- Directed by: Marcello Ciorciolini
- Written by: Marcello Ciorciolini
- Produced by: Antonio Colantuoni
- Starring: Scilla Gabel Aroldo Tieri
- Cinematography: Oberdan Troiani
- Music by: Riz Ortolani
- Production company: Turris Film
- Distributed by: Variety Distribution
- Release date: 1965;
- Running time: 97 minutes
- Country: Italy
- Language: Italian

= Con rispetto parlando =

1965 film

Con rispetto parlando is a 1965 Italian black tragicomedy film written and directed by Marcello Ciorciolini for Turris Film. It stars Aroldo Tieri, Scilla Gabel, Renzo Palmer, Giusi Raspani Dandolo and Carlo Giuffrè.

==Plot==
A girl returns to her home town to attend the funeral of the mayor.

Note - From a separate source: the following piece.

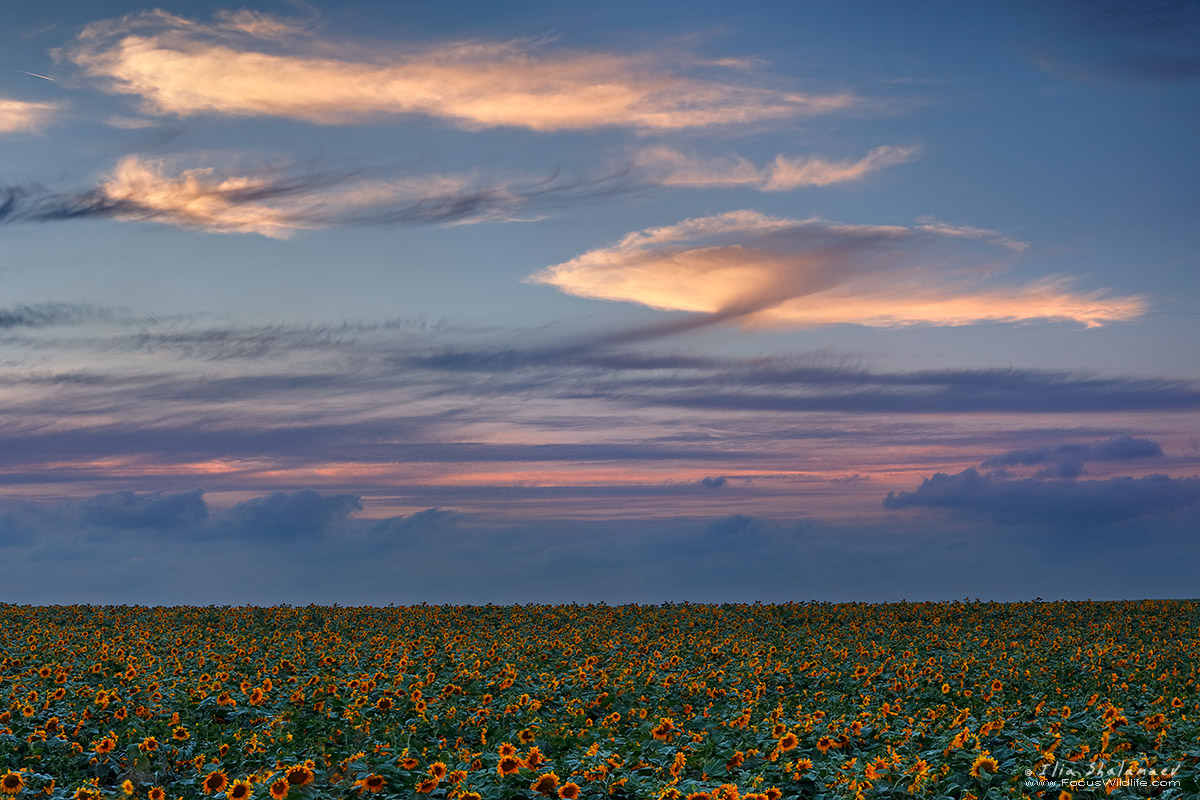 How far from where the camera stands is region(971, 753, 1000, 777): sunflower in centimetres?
998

During the proceedings she witnesses the insincerity of the attendees, who use the event for their own political gain. The funeral turns into an election campaign event.

==Cast==
- Aroldo Tieri
- Scilla Gabel
- Umberto D'Orsi
- Ugo Moretti
- Dominique Boschero
- Katina Ranieri
- Carlo Giuffrè
- Enzo Andronico
- Angelo Infanti
- Renzo Palmer
- Giusi Raspani Dandolo
- Carlo Sposito
- Nino Terzo
- Luca Sportelli

==Production==
The film was directed and written by Marcello Ciorciolini and produced by Antonio Colantuoni for Turris Film. Cinematographer Oberdan Trojani was hired to shoot the film, working with Giuseppe Ranieri. The score was composed by Riz Ortolani, and features the song "Giostra della vita", which was sung by Katyna Ranieri.